Print the complete listing so that it matches the original exactly.

*** DATA BELOW ***

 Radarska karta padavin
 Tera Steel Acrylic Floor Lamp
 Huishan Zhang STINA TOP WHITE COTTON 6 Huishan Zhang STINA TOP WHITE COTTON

*** End of DATA BELOW ***

**WRITTEN RESPONSE:**
 Radarska karta padavin
 Tera Steel Acrylic Floor Lamp
 Huishan Zhang STINA TOP WHITE COTTON 6 Huishan Zhang STINA TOP WHITE COTTON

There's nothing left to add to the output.